Judith was born and raised in Manhattan, the daughter of a Nobel Prize-winning neuroscientist. Her first career was in economic development and aid work, culminating in a stint in Kenya and Zimbabwe. Back stateside, she took up guitar and forged a career as a singer-songwriter, evolving from a bluegrass Jewbilly into a navel-gazing songstress. Judith has three acclaimed CDs on Nashville’s Compass Records to her credit and composes soundtracks for TV documentaries including the PBS series “Nova.” She also contributes tracks to various CD projects, such as the Grammy Award-winning Stephen Foster tribute “Beautiful Dreamer,” the European compilation “Songs for Choice,” and Janet Reno’s musical history project, “Song of America.” Her fourth recording will be released in 2007.
Taylor Holliday is the journalist, culture vulture and daring eater who disdains exercise as much as she relishes all-night drink-and-talk fests in the local pub. She may be a born skeptic, but underneath the calm, cool exterior lies a sentimental romantic and a total sucker for new places, quirky people and happy endings. Taylor is newly married, having committed later than most after finally learning to steer clear of the certifiably crazy ones. Now she and her writer husband are torn between the financial and lifestyle sacrifices that come with parenthood and the desire to adopt a Vietnamese baby because they’re so darned cute.

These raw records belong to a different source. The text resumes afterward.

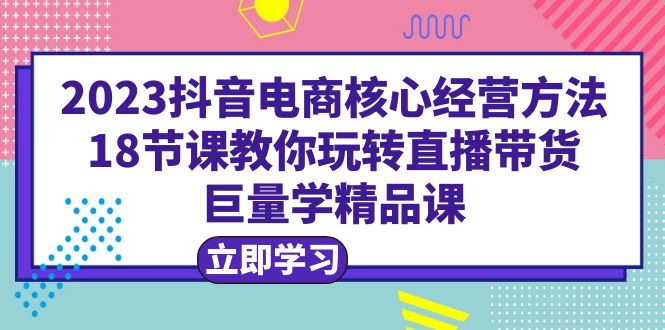 2023抖音电商核心经营方法：18节课教你玩转直播带货，巨量学精品课-科景网创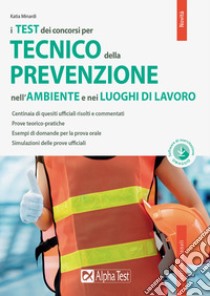 Il concorso per tecnico della prevenzione nell'ambiente e nei luoghi di lavoro. Con software di simulazione libro di Minardi Katia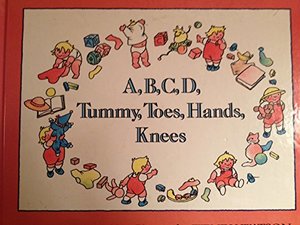 A, B, C, D, Tummy, Toes, Hands, Knees (Viking Kestrel picture books) A, B, C, D, Tummy, Toes, Hands, Knees (Viking Kestrel picture books)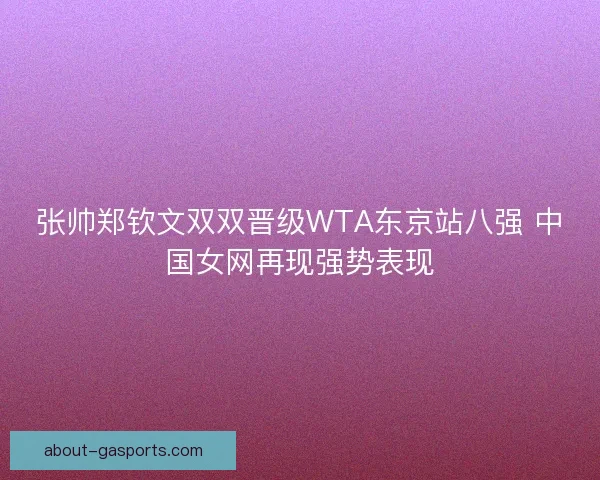 张帅郑钦文双双晋级WTA东京站八强 中国女网再现强势表现 张帅郑钦文双双晋级WTA东京站八强 中国女网再现强势表现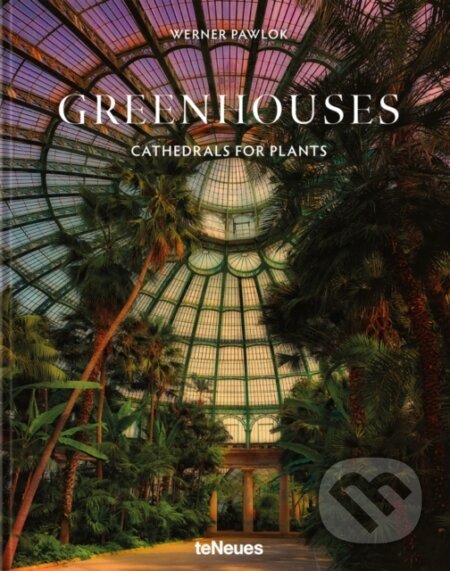 Greenhouses (Cathedrals for Plants)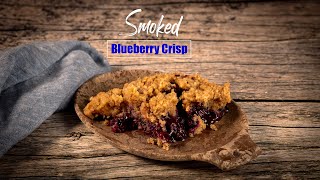 Smoked Blueberry Crisp - How to Make Blueberry Crisp in Your Smoker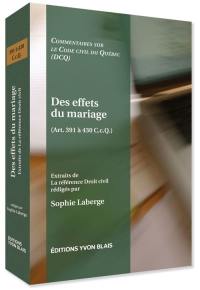 Des effets du mariage (Art. 391 à 430 C.c.Q.)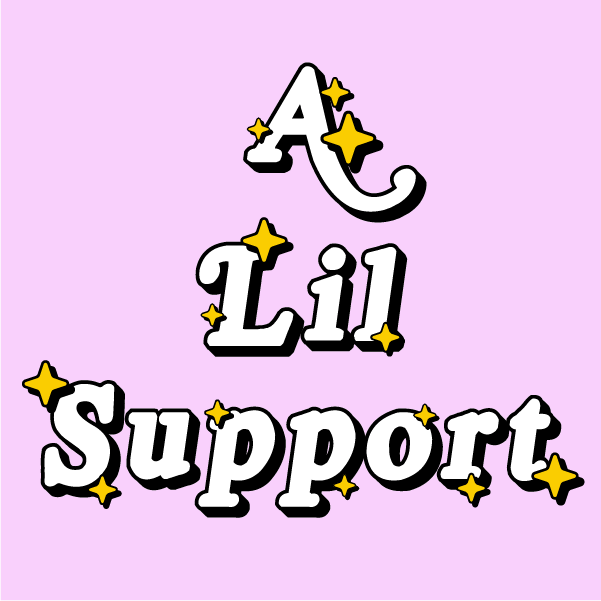 A Lil Support
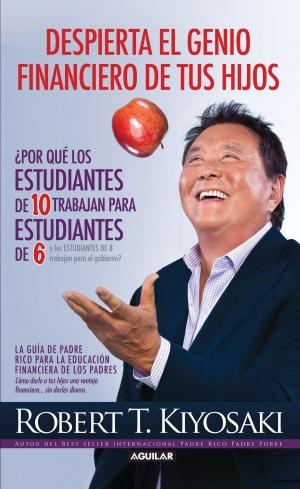 Cover of the book Despierta el genio financiero de tus hijos by Luz María Peniche Soto
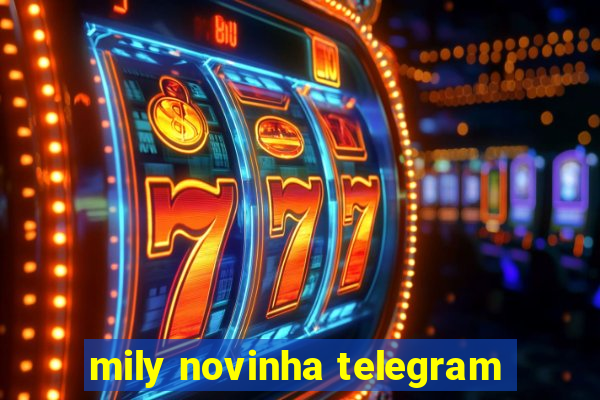 mily novinha telegram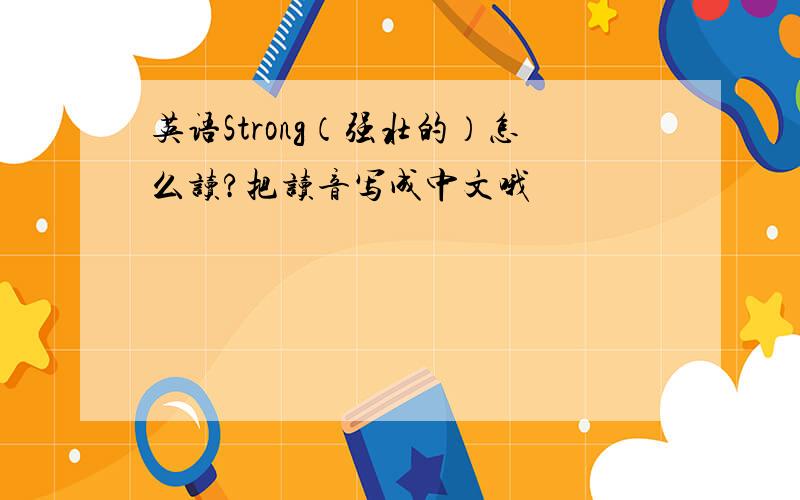 英语Strong（强壮的）怎么读?把读音写成中文哦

Taylor is descended from a long line of Southerners and was born to bohemian parents in backwoods Oklahoma. Chomping at the bit to escape small-town life, her first career was as an international financial analyst in London, Paris and Basel. She then got a master’s in international affairs from Columbia University and spent 10 years as an arts and culture editor in New York for The Wall Street Journal and Wall Street Journal Europe. Taylor currently is a freelance journalist who has written about travel, food, drink, photography, art and architecture for The Wall Street Journal and The New York Times. She has had Travel-section cover stories in the NYT about eating her way through Vietnam and sailing the Aegean coast of Turkey.